Task brief:
Print every line below without adding or leaving out a single word.
------ Entries provided ------
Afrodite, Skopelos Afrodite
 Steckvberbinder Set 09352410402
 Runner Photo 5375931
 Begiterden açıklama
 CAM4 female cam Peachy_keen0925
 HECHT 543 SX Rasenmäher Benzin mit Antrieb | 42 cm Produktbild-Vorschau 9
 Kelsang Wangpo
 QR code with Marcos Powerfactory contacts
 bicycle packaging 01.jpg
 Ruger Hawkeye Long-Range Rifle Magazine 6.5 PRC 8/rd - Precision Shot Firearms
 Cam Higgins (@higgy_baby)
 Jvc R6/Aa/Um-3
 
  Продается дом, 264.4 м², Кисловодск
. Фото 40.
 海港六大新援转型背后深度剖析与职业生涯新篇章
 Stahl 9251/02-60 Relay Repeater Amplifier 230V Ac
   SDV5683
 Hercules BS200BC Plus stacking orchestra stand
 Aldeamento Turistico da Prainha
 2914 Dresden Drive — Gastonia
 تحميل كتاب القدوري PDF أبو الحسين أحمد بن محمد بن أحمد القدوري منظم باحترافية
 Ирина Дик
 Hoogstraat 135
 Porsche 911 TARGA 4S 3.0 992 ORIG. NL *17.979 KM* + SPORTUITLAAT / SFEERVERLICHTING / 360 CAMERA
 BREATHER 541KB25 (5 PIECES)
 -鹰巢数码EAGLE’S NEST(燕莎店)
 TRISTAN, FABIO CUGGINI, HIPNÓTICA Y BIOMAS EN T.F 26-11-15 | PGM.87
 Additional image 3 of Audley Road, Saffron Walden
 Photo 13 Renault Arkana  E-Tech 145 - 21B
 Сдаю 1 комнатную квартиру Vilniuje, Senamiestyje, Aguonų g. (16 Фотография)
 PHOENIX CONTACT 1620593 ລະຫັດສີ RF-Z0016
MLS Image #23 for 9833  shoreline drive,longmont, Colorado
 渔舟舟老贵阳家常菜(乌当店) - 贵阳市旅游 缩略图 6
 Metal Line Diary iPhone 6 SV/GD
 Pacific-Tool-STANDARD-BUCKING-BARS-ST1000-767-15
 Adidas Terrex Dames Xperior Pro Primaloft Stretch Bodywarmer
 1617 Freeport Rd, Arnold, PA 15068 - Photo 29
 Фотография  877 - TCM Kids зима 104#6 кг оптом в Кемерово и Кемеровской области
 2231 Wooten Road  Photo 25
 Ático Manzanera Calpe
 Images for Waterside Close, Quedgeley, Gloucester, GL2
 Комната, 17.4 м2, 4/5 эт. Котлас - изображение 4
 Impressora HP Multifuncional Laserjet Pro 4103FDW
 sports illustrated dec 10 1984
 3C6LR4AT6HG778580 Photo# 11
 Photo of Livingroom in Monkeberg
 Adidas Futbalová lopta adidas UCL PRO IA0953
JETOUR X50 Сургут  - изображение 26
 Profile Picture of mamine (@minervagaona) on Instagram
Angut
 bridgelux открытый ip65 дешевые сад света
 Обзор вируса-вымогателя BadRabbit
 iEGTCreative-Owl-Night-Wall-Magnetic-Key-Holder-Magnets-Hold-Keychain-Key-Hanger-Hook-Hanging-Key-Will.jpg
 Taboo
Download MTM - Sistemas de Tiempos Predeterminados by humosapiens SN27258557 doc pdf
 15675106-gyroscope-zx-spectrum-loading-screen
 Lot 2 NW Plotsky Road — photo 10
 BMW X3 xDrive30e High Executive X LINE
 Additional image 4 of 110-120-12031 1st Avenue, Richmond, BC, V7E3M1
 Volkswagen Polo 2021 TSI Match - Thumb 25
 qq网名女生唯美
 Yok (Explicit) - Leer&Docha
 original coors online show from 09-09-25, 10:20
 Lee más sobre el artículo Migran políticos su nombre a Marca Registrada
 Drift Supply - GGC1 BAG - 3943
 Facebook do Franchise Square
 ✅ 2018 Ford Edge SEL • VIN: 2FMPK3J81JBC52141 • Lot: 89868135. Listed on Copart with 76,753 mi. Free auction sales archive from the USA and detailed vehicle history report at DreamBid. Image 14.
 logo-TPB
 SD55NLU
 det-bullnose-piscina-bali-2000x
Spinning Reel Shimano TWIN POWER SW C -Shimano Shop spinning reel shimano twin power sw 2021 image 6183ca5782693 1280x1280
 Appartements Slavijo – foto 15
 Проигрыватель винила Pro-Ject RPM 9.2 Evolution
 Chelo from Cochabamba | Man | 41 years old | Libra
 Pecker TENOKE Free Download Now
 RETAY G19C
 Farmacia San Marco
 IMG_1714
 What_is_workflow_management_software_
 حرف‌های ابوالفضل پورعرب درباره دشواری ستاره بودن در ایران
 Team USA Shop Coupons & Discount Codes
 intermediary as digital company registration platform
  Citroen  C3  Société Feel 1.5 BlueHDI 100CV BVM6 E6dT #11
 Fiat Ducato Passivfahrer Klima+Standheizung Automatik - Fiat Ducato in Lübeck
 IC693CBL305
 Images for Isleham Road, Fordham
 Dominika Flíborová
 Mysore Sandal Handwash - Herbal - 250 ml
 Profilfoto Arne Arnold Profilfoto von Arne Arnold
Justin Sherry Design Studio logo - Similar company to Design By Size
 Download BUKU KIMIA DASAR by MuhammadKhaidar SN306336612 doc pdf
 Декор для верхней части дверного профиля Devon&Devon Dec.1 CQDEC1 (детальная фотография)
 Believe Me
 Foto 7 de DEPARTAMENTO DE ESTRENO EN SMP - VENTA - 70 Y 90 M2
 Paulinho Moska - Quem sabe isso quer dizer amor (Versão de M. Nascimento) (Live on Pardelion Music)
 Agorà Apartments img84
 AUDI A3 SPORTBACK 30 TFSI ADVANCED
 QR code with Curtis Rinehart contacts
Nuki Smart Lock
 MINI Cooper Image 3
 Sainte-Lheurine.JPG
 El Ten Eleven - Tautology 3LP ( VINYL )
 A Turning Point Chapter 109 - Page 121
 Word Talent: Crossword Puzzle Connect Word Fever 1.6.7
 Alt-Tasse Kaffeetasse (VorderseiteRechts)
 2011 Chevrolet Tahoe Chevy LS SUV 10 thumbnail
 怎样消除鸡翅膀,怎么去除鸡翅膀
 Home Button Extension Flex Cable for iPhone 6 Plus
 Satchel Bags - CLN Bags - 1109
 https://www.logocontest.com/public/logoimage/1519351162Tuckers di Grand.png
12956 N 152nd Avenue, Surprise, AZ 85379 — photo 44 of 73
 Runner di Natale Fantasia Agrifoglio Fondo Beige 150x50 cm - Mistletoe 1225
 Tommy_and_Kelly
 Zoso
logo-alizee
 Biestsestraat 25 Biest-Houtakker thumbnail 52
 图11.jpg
------
Result:
Afrodite, Skopelos Afrodite
 Steckvberbinder Set 09352410402
 Runner Photo 5375931
 Begiterden açıklama
 CAM4 female cam Peachy_keen0925
 HECHT 543 SX Rasenmäher Benzin mit Antrieb | 42 cm Produktbild-Vorschau 9
 Kelsang Wangpo
 QR code with Marcos Powerfactory contacts
 bicycle packaging 01.jpg
 Ruger Hawkeye Long-Range Rifle Magazine 6.5 PRC 8/rd - Precision Shot Firearms
 Cam Higgins (@higgy_baby)
 Jvc R6/Aa/Um-3
 
  Продается дом, 264.4 м², Кисловодск
. Фото 40.
 海港六大新援转型背后深度剖析与职业生涯新篇章
 Stahl 9251/02-60 Relay Repeater Amplifier 230V Ac
   SDV5683
 Hercules BS200BC Plus stacking orchestra stand
 Aldeamento Turistico da Prainha
 2914 Dresden Drive — Gastonia
 تحميل كتاب القدوري PDF أبو الحسين أحمد بن محمد بن أحمد القدوري منظم باحترافية
 Ирина Дик
 Hoogstraat 135
 Porsche 911 TARGA 4S 3.0 992 ORIG. NL *17.979 KM* + SPORTUITLAAT / SFEERVERLICHTING / 360 CAMERA
 BREATHER 541KB25 (5 PIECES)
 -鹰巢数码EAGLE’S NEST(燕莎店)
 TRISTAN, FABIO CUGGINI, HIPNÓTICA Y BIOMAS EN T.F 26-11-15 | PGM.87
 Additional image 3 of Audley Road, Saffron Walden
 Photo 13 Renault Arkana  E-Tech 145 - 21B
 Сдаю 1 комнатную квартиру Vilniuje, Senamiestyje, Aguonų g. (16 Фотография)
 PHOENIX CONTACT 1620593 ລະຫັດສີ RF-Z0016
MLS Image #23 for 9833  shoreline drive,longmont, Colorado
 渔舟舟老贵阳家常菜(乌当店) - 贵阳市旅游 缩略图 6
 Metal Line Diary iPhone 6 SV/GD
 Pacific-Tool-STANDARD-BUCKING-BARS-ST1000-767-15
 Adidas Terrex Dames Xperior Pro Primaloft Stretch Bodywarmer
 1617 Freeport Rd, Arnold, PA 15068 - Photo 29
 Фотография  877 - TCM Kids зима 104#6 кг оптом в Кемерово и Кемеровской области
 2231 Wooten Road  Photo 25
 Ático Manzanera Calpe
 Images for Waterside Close, Quedgeley, Gloucester, GL2
 Комната, 17.4 м2, 4/5 эт. Котлас - изображение 4
 Impressora HP Multifuncional Laserjet Pro 4103FDW
 sports illustrated dec 10 1984
 3C6LR4AT6HG778580 Photo# 11
 Photo of Livingroom in Monkeberg
 Adidas Futbalová lopta adidas UCL PRO IA0953
JETOUR X50 Сургут  - изображение 26
 Profile Picture of mamine (@minervagaona) on Instagram
Angut
 bridgelux открытый ip65 дешевые сад света
 Обзор вируса-вымогателя BadRabbit
 iEGTCreative-Owl-Night-Wall-Magnetic-Key-Holder-Magnets-Hold-Keychain-Key-Hanger-Hook-Hanging-Key-Will.jpg
 Taboo
Download MTM - Sistemas de Tiempos Predeterminados by humosapiens SN27258557 doc pdf
 15675106-gyroscope-zx-spectrum-loading-screen
 Lot 2 NW Plotsky Road — photo 10
 BMW X3 xDrive30e High Executive X LINE
 Additional image 4 of 110-120-12031 1st Avenue, Richmond, BC, V7E3M1
 Volkswagen Polo 2021 TSI Match - Thumb 25
 qq网名女生唯美
 Yok (Explicit) - Leer&Docha
 original coors online show from 09-09-25, 10:20
 Lee más sobre el artículo Migran políticos su nombre a Marca Registrada
 Drift Supply - GGC1 BAG - 3943
 Facebook do Franchise Square
 ✅ 2018 Ford Edge SEL • VIN: 2FMPK3J81JBC52141 • Lot: 89868135. Listed on Copart with 76,753 mi. Free auction sales archive from the USA and detailed vehicle history report at DreamBid. Image 14.
 logo-TPB
 SD55NLU
 det-bullnose-piscina-bali-2000x
Spinning Reel Shimano TWIN POWER SW C -Shimano Shop spinning reel shimano twin power sw 2021 image 6183ca5782693 1280x1280
 Appartements Slavijo – foto 15
 Проигрыватель винила Pro-Ject RPM 9.2 Evolution
 Chelo from Cochabamba | Man | 41 years old | Libra
 Pecker TENOKE Free Download Now
 RETAY G19C
 Farmacia San Marco
 IMG_1714
 What_is_workflow_management_software_
 حرف‌های ابوالفضل پورعرب درباره دشواری ستاره بودن در ایران
 Team USA Shop Coupons & Discount Codes
 intermediary as digital company registration platform
  Citroen  C3  Société Feel 1.5 BlueHDI 100CV BVM6 E6dT #11
 Fiat Ducato Passivfahrer Klima+Standheizung Automatik - Fiat Ducato in Lübeck
 IC693CBL305
 Images for Isleham Road, Fordham
 Dominika Flíborová
 Mysore Sandal Handwash - Herbal - 250 ml
 Profilfoto Arne Arnold Profilfoto von Arne Arnold
Justin Sherry Design Studio logo - Similar company to Design By Size
 Download BUKU KIMIA DASAR by MuhammadKhaidar SN306336612 doc pdf
 Декор для верхней части дверного профиля Devon&Devon Dec.1 CQDEC1 (детальная фотография)
 Believe Me
 Foto 7 de DEPARTAMENTO DE ESTRENO EN SMP - VENTA - 70 Y 90 M2
 Paulinho Moska - Quem sabe isso quer dizer amor (Versão de M. Nascimento) (Live on Pardelion Music)
 Agorà Apartments img84
 AUDI A3 SPORTBACK 30 TFSI ADVANCED
 QR code with Curtis Rinehart contacts
Nuki Smart Lock
 MINI Cooper Image 3
 Sainte-Lheurine.JPG
 El Ten Eleven - Tautology 3LP ( VINYL )
 A Turning Point Chapter 109 - Page 121
 Word Talent: Crossword Puzzle Connect Word Fever 1.6.7
 Alt-Tasse Kaffeetasse (VorderseiteRechts)
 2011 Chevrolet Tahoe Chevy LS SUV 10 thumbnail
 怎样消除鸡翅膀,怎么去除鸡翅膀
 Home Button Extension Flex Cable for iPhone 6 Plus
 Satchel Bags - CLN Bags - 1109
 https://www.logocontest.com/public/logoimage/1519351162Tuckers di Grand.png
12956 N 152nd Avenue, Surprise, AZ 85379 — photo 44 of 73
 Runner di Natale Fantasia Agrifoglio Fondo Beige 150x50 cm - Mistletoe 1225
 Tommy_and_Kelly
 Zoso
logo-alizee
 Biestsestraat 25 Biest-Houtakker thumbnail 52
 图11.jpg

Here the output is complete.